This parameter takes a TSYSDayOfWeek value - an enum arranged such that the ordinal values for each day correspond to the values used in system locale settings for the days of the week. (The value returned by the RTL DayOfWeek function uses different values, defined in this code as TRTLDayOfWeek).
The second part of the implementation provides a LocaleWeeksSince01Jan, to demonstrate obtaining the locale defined first day of week for the current user. This is then simply passed thru to a call to WeeksSince01Jan.
type
TSYSDayOfWeek = (sdMon, sdTue, sdWed, sdThu, sdFri, sdSat, sdSun);
TRTLDayOfWeek = 1..7; // Sun -> Sat
function WeeksSince01Jan(const aDate: TDateTime;
const aFirstDayOfWeek: TSYSDayOfWeek): Word;
const
LOCALE_DOW : array[TRTLDayOfWeek] of TSYSDayOfWeek = (sdSun, sdMon, sdTue, sdWed, sdThu, sdFri, sdSat);
var
y, m, d: Word;
dayOfYearStart: TSYSDayOfWeek;
dtYearStart: TDateTime;
dtStartOfFirstWeekInYear: TDateTime;
iAdjust: Integer;
begin
// Get the date for the first day of the year and determine which
// day of the week (Mon-Fri) that was
DecodeDate(aDate, y, m, d);
dtYearStart := EncodeDate(y, 1, 1);
dayOfYearStart := LOCALE_DOW[DayOfWeek(dtYearStart)];
// Week calculation is simply the number of 7 day periods
// elapsed since the start of the year to the specified date,
// adjusted to reflect any 'offset' to the specified first day of week.

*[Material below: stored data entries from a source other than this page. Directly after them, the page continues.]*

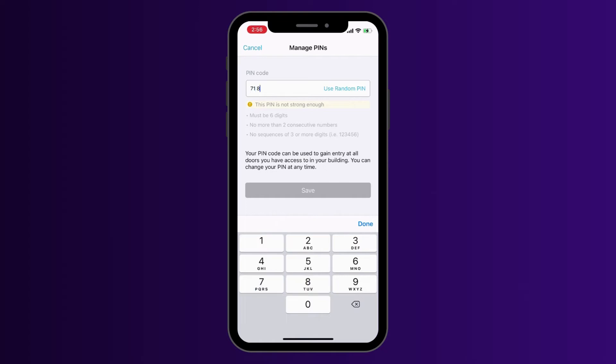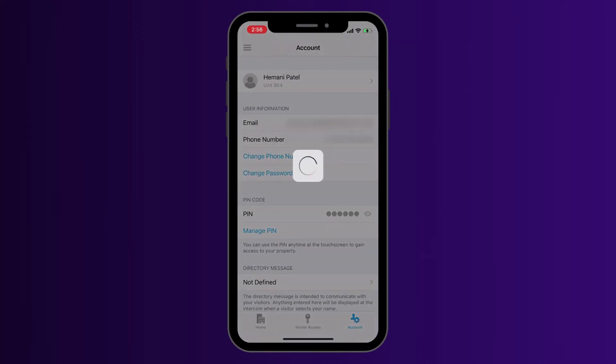Follow the yellow and green alerts to ensure you create a strong pin and prevent others from using it. Make sure you memorize the pin in case your phone or keys are unavailable and you need to open the door or gate. You'll see your pin code in the mobile app and can change it at any time.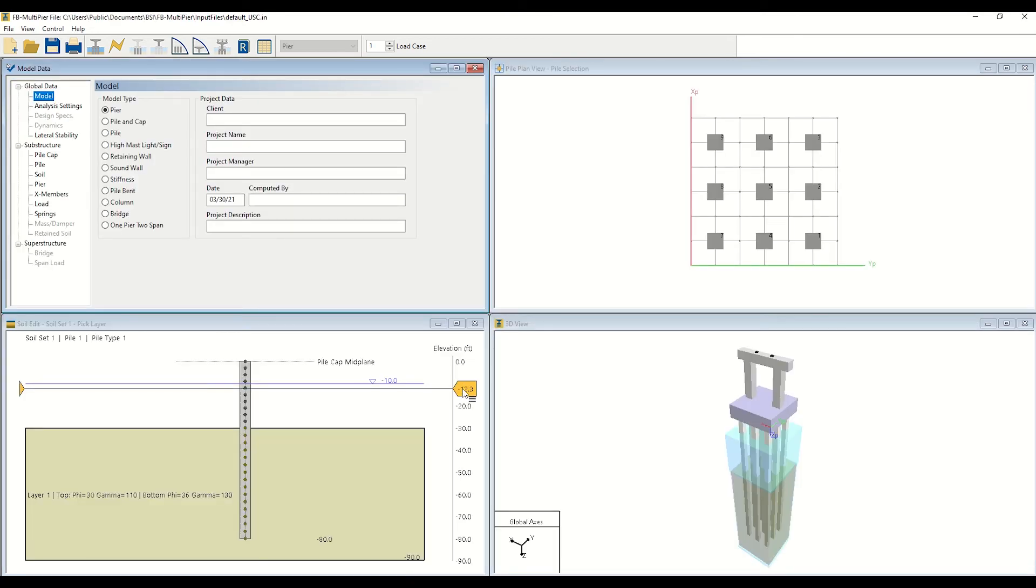After creating your model, the user interface will display four individual windows, as shown here.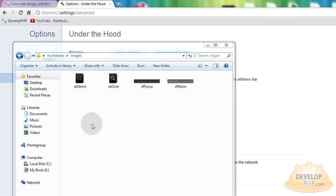Hello everybody and welcome to part two of designing and programming custom search fields and custom form components. You can customize most any form element in HTML for any type of form that you're building. In this lesson we just happen to be making a custom search form field and button. In order to prove that our secondary images are all being preloaded before the user interacts with the elements, I've placed the finished application online so we can sense how it will act for a user that comes to your page for the first time ever, so we can sense the preloading of it.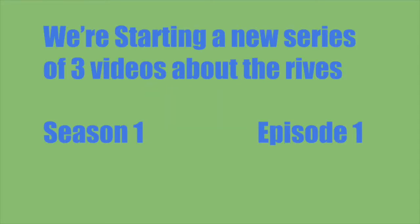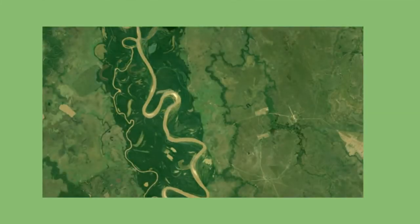Hi guys, Epic21 here and today we're starting a new series of three videos about rivers. This is season 1 episode 1.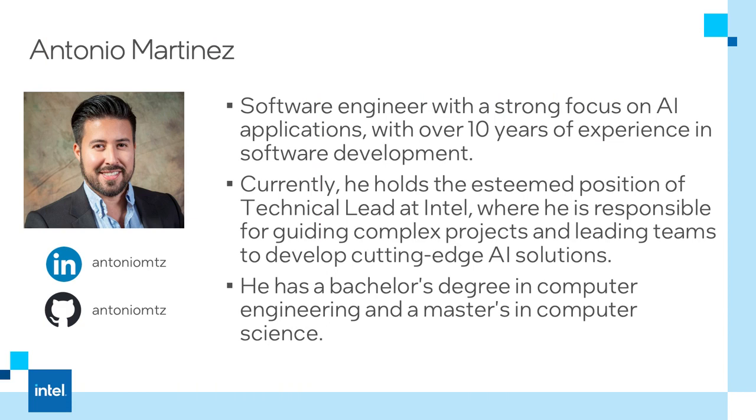Hello everyone, my name is Antonio Martinez. I am a software engineer at Intel. I'm just going to give you a brief introduction about myself.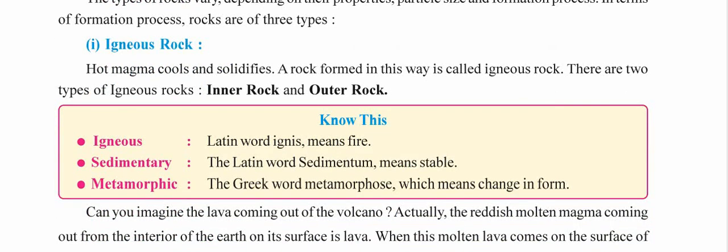The word igneous comes from the Latin word 'ignis,' which means fire — so igneous rocks are made by fire. Sedimentary comes from the Latin word 'sedimentum,' meaning stable. Metamorphic comes from the Greek word 'metamorphos,' meaning change in form. When a volcano erupts, the hot magma below the earth's crust oozes out as lava. Under the earth's crust it is called magma; when it comes out on the surface, it is called lava.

iAdjust := Ord(dayOfYearStart) - Ord(aFirstDayOfWeek);
result := (((Trunc(aDate) + iAdjust) - Trunc(dtYearStart)) div 7);
end;
function LocaleWeeksSince01Jan(const aDate: TDateTime): Word;
var
localeValue: array[0..1] of Char;
firstDayOfWeek: TSYSDayOfWeek;
begin
// Get the system defined first day of the week
GetLocaleInfo(LOCALE_USER_DEFAULT, LOCALE_IFIRSTDAYOFWEEK, localeValue, SizeOf(localeValue));
firstDayOfWeek := TSYSDayOfWeek(Ord(localeValue[0]) - Ord('0'));
result := WeeksSince01Jan(aDate, firstDayOfWeek);
end;
If you have more complex rules to determine the 0th or 1st week of a year based on numbers of days in that week etc, then you will need to modify this implementation accordingly. There is no attempt to accommodate such needs in the current implementation.
For Testing
The code below may be used as the basis for testing the output (using the system defined first day of the week):
const
YEAR = 2012;
var
d: Integer;
dt: TDateTime;
wk: Word;
begin
List.Items.Clear;
dt := EncodeDate(YEAR, 1, 1) - 7;
for d := 1 to 380 do
begin
dt := dt + 1;
wk := LocaleWeeksSince01Jan(dt);
List.Items.Add(Format('%s, %s = week %d', [ShortDayNames[DayOfWeek(dt)],
DateToStr(dt),
wk]));
end;
Where List is a reference to a TListbox.
Change the value of YEAR to produce a range of results that cover all dates in the specified year +/- an additional 7/8 days, to illustrate the change in result at year end of the preceding and succeeding years.
NOTE: 2012 is a year which demonstrates the possibility of returning dates in that year covering the full range of potential results, 0..53.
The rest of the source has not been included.